Mr. James C. Orr argued the cause for appellant (Messrs. Lum, Biunno & Tompkins, attorneys; Ms. Claire T. Barile on the brief).

Mr. Everett M. Scherer argued the cause for respondent (Messrs. Riker, Danzig, Scherer & Debevoise, attorneys).

The opinion of the court was delivered by

Larner, J. A. D.

In this matrimonial action the wife appeals from the order of equitable distribution and the alimony award.

The parties were married in 1942 and had three children, all of whom were over 21 and emancipated as of the time of decision below. The marriage was apparently a harmonious one until their separation in 1969. Plaintiff filed her complaint for divorce in late 1971 alleging desertion, and defendant filed a counterclaim based on 18 months’ separation. The trial judge granted each litigant a divorce on the respective grounds asserted by them in a judgment dated December 5, 1972. Issues of equitable distribution and support were reserved and ultimately were heard in a series of hearings between January and October of 1975. The court’s decision was rendered in a letter opinion dated March 25, 1976, wherein the marital assets were distributed by allocating to the wife a new automobile and two parcels of real estate consisting of the marital home in Livingston and a summer home in Point Pleasant, and awarding all other assets to the husband. The judgment additionally provided for a weekly alim-ony of $275.

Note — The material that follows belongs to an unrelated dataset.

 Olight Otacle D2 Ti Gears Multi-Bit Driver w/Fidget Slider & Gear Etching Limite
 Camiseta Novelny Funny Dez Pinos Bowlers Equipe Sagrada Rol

Plaintiff attacks the propriety of the equitable distribution order on two grounds: (1) the judge erred in arriving *290at the valuation of some of the assets, and (2) the division of the same was disproportionate and inequitable. There is no dispute on appeal as to the assets which are eligible for distribution. She also contends that the alimony award is inadequate.

I

In the presentation of the valuation of the marital assets the parties indicated their accord on the value of the following items, based upon an agreed valuation date for all eligible property as of March 31, 1975:

Asset Value
Cash $ 10,024
Marketable securities 145,000
Life insurance policies (cash value) 7,353
Precision Planning, Inc. — O —
Livingston residence (net) 112,658
Point Pleasant residence (clear) 62,000
Florida condominium (net) 16,500
Defendant’s pension 8,000
Less: Accounts payable (4,500)
Net total of undisputed items $357,035

The items whose valuation was in dispute involve the following:

Mutual funds
Limited partnership interests in real estate
Defendant’s interest in automobile dealership known as Dan Esposito Olds, Inc.
Real estate' holdings designated as Nassau Central Corp., Nassau
Rose Holding Corp. and 355 Central Avenue, East Orange Stock interest in Airmet, Inc.

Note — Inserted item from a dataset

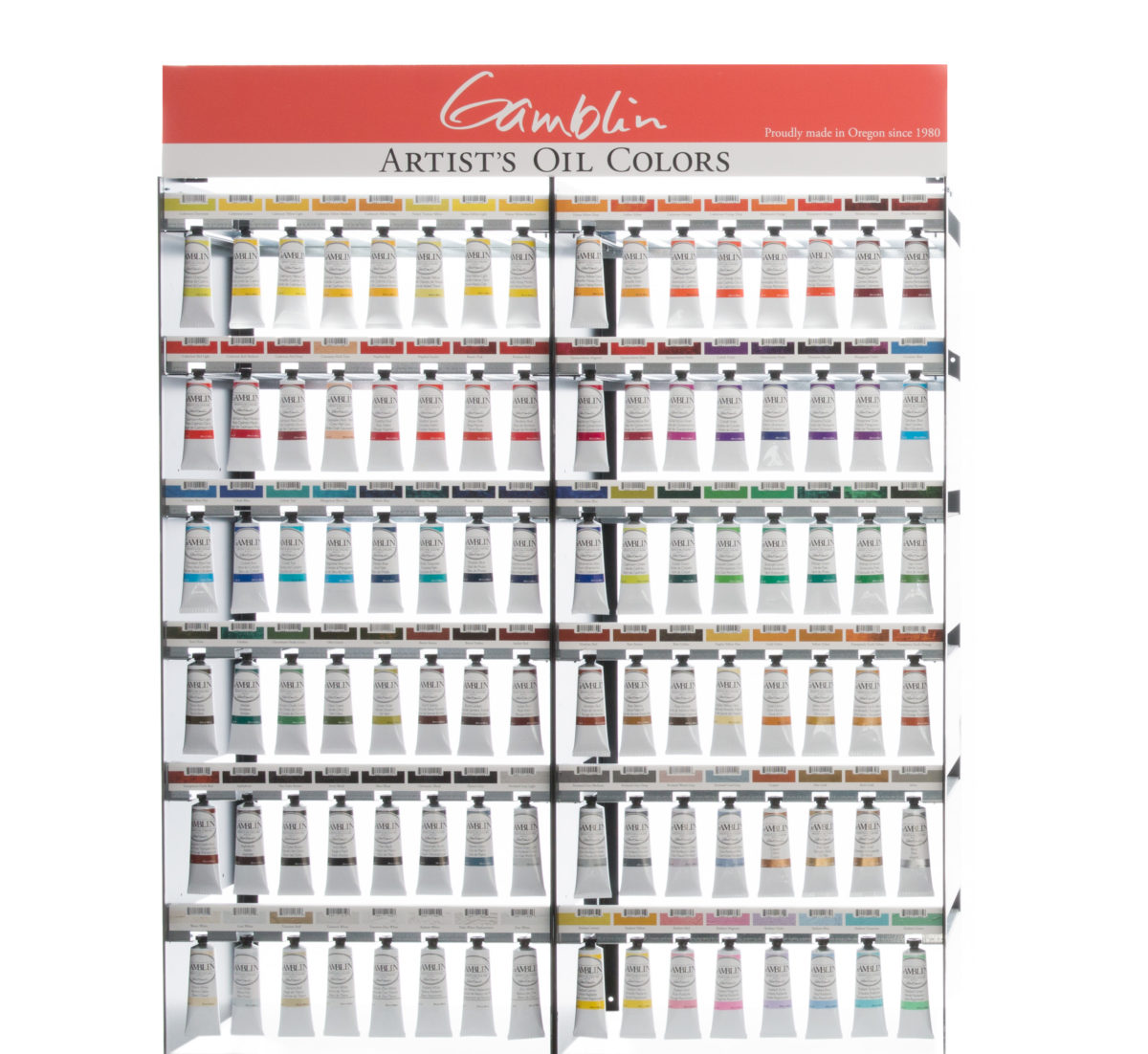 Gamblin 96 color assortment Artist Grade 37ml tubes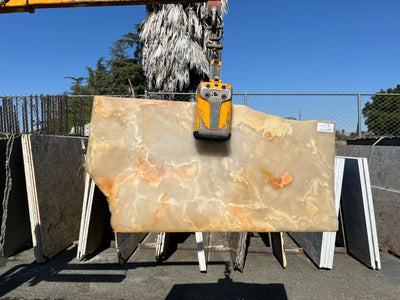 Yellow Onyx (56x29) Remnant Slab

The trial judge’s finding on the valuation of these disputed items is limited to a mere statement: “I adopt as my fact findings * * * the values as set forth in defendant’s memorandum on pages 8 through 20 * * This was a written summation submitted by counsel for defendant after the completion of the hearings.

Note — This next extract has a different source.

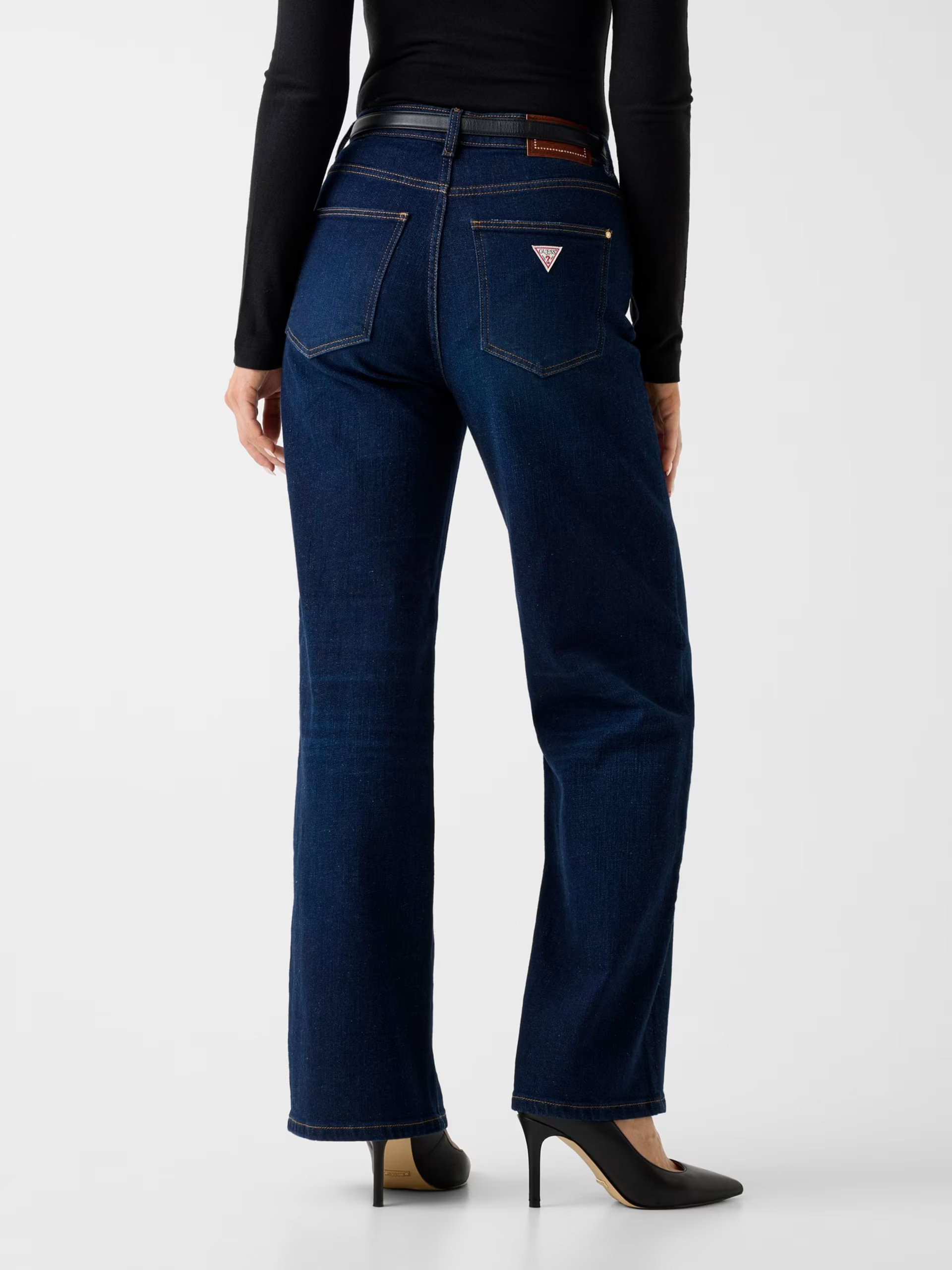 Calças Wide Leg Ganga Escura - Guess 3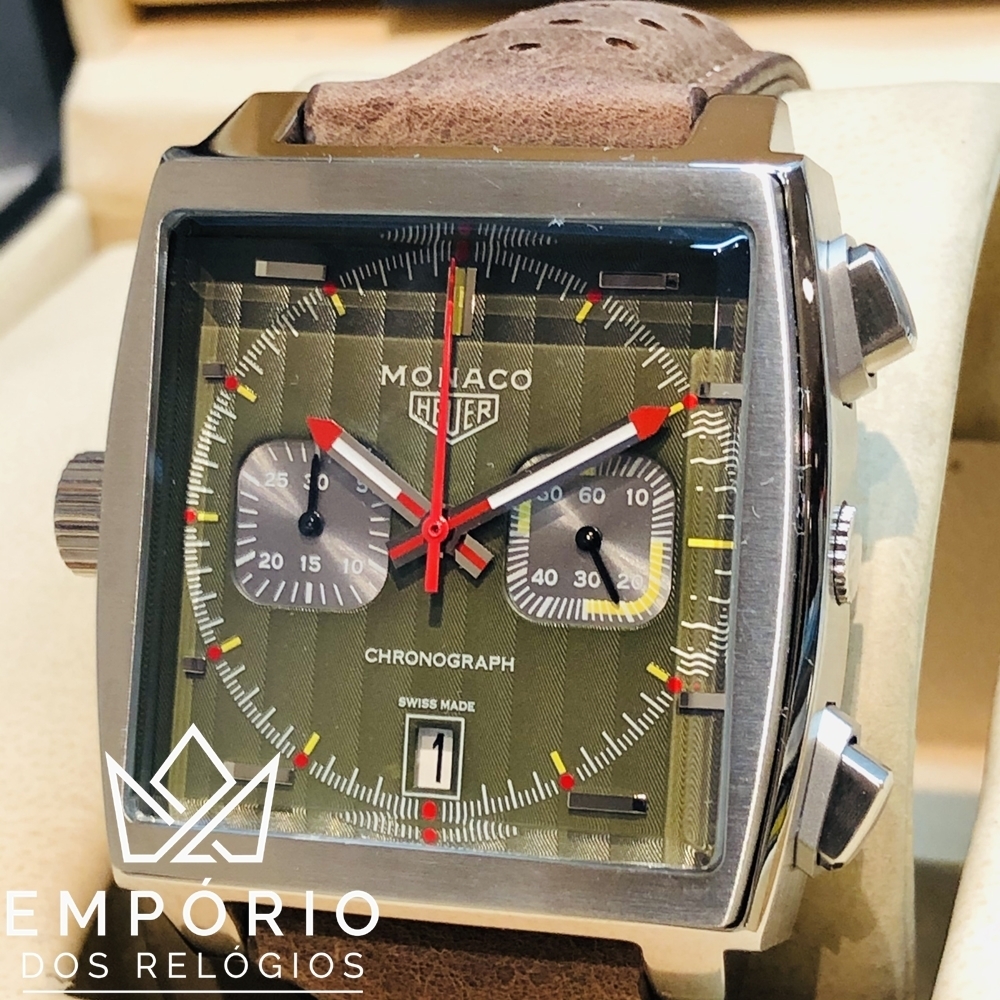 TAG Heuer Monaco Calibre 11 Verde R plicas de Rel gios Premium AAA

*291It is noteworthy that there is no articulation by way of factual preference or analysis to support the carte blanche acceptance of defendant’s contentions as to values. It is no more nor less than the purported findings in the case of Nochenson v. Nochenson, 148 N. J. Super. 448, 450 (App. Div. 1977), where the judge simply stated that he was in “agreement with the defendant’s summation of the evidence submitted at the trial.” As we noted in that opinion, such a finding is not an adequate finding of fact which can stand judicial scrutiny on appeal. See also, Benjamin Moore & Co. v. Newark, 133 N. J. Super. 437 (App. Div. 1975).

In a complex financial ease of this type it is particularly important that the judge make specific findings so that the parties and the appellate court may be informed of the rationale underlying his conclusion. Because of the absence of adequate articulation the following questions come to mind. Why did the judge accept each of the valuations advanced by defendant? Why were they more reliable evidentially than those submitted by plaintiff? What were the elements in the evidence which led to such a wholesale acceptance of the argument of one side of the controversy versus the other side? And furthermore, which of defendant’s values did the judge accept as to those items where defendant vacillated between differing proposed valuations? The con elusory reliance upon a party’s argumentative position relating to a series of disputed valuations of several different property interests renders the judge’s findings in this respect valueless. As a consequence, we cannot and will not apply the normal standard of review which limits us to the-determination whether there is sufficient credible evidence in the record to support the trial court’s finding. See State v. Johnson, 43 N. J. 146, 163 (1964). Accord, Close v. Kordulak Bros., 44 N. J. 589, 598-599 (1965). See also, Benjamin Moore & Co. v. Newark, supra.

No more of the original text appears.